FILE - Firefighters battle a wildfire at Wooroloo, near Perth, Australia, Feb. 1, 2021.
FILE - Firefighters battle a wildfire at Wooroloo, near Perth, Australia, Feb. 1, 2021.

Australia’s Climate Change and Energy Minister Chris Bowen has warned that global warming could lead to increased national security risks. Bowen presented his annual climate change statement to Australia’s Federal Parliament on Thursday.

Bowen told lawmakers Thursday the climate emergency had national security implications for Australia, which has had to accelerate its transition to green sources of energy to curb its emissions.

"This year’s national Climate Change Statement also includes a frank and thorough assessment of the national security imperative in this transformation," he said. "As the statement notes, extreme weather events caused by climate change place increased strain on Australia’s energy networks and this fragility could be used by hostile actors."

Bowen did not identify the "hostile actors," but he warned that the threats to national security would "compound and expand exponentially the hotter the planet becomes."

Before heading to the annual U.N. climate conference in Dubai, Bowen also told Parliament that the government was "within striking distance" of its 2030 emissions target.

Australia has legislated a target to cut carbon emissions by 43% from 2005 levels by 2030 and to achieve net zero emissions by 2050.

However, despite the minister’s optimism about Australia reaching its emissions targets, a Thursday report by the Climate Change Authority, an Australian government agency, says the country is not on track to meet its 2030 targets.

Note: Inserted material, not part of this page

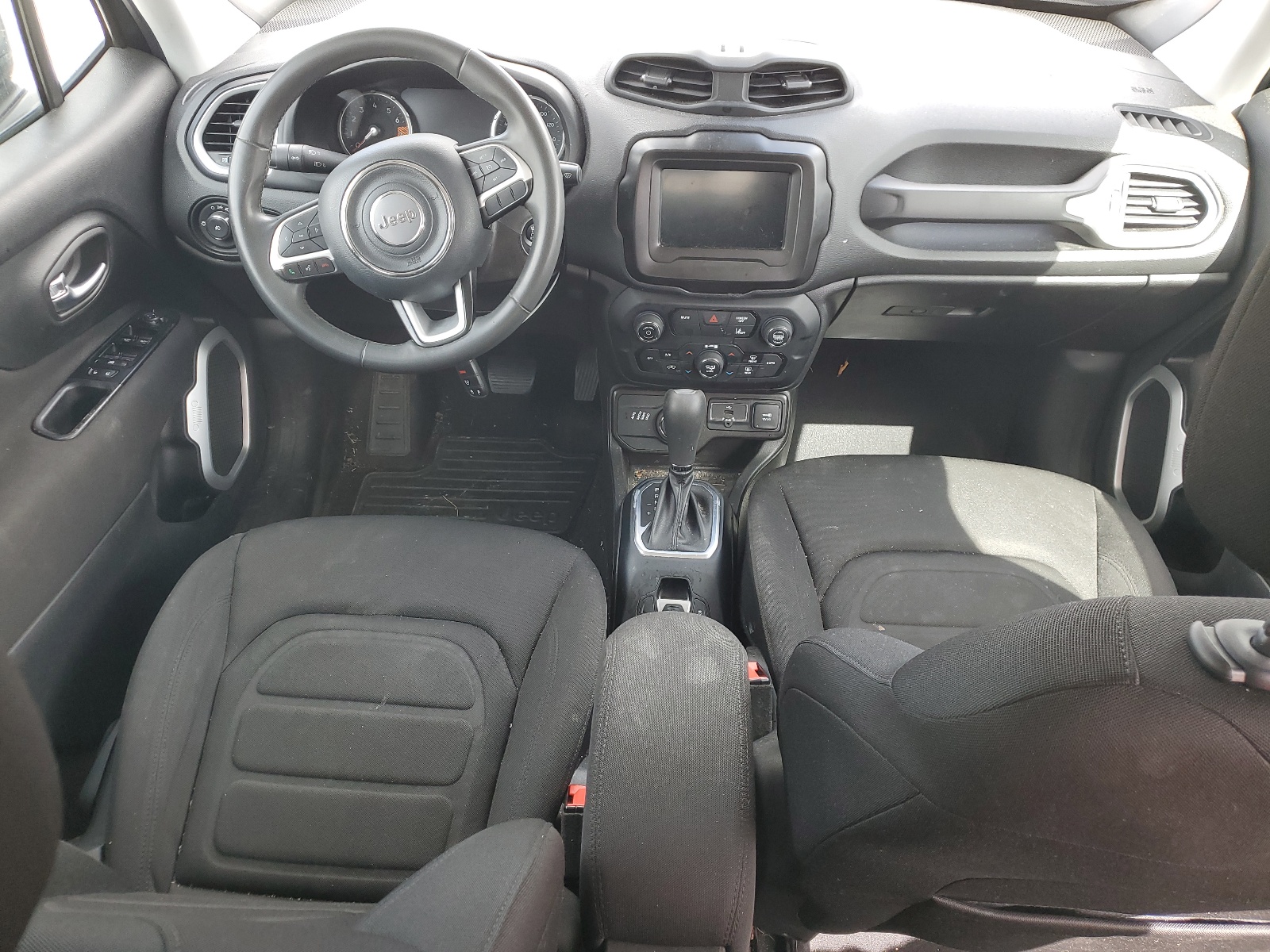 ZACNJDBB6MPM12073 2021 Jeep Renegade Latitude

The report asserts that to achieve that ambition, Australia would have to decarbonize at an average annual rate of 17 million tons of carbon per year, but in the first six months of 2023, emissions were rising, not falling.

Australia has some of the world's highest per capita emissions because of reliance on fossil fuels. They generate most of its electricity, while coal and gas exports earn billions of dollars.

Jennifer Rayner, head of advocacy at the Climate Council, an independent organization told VOA Australia must do more to join the effort to combat global warming.

"Australians are extremely vulnerable to the impacts of climate change as they particularly are seen through extreme weather like floods, fires, heat waves, which are a silent killer," she said. "So, we know that there is more we need to do as a nation to cut our emissions, but we also need to see that action around the world because burning fossil fuels causes harmful climate change wherever that happens in the world. So, we need to be part of the global effort to drive down our reliance on fossil fuels so that we can protect Australians from being on the front lines of harmful climate change."

Opposition lawmakers have criticized the government’s environmental policies. The conservative opposition’s climate change and energy spokesperson, Ted O’Brien, told Parliament that minister Bowen was "a false prophet who's big on future visions, but not on tangible outcomes."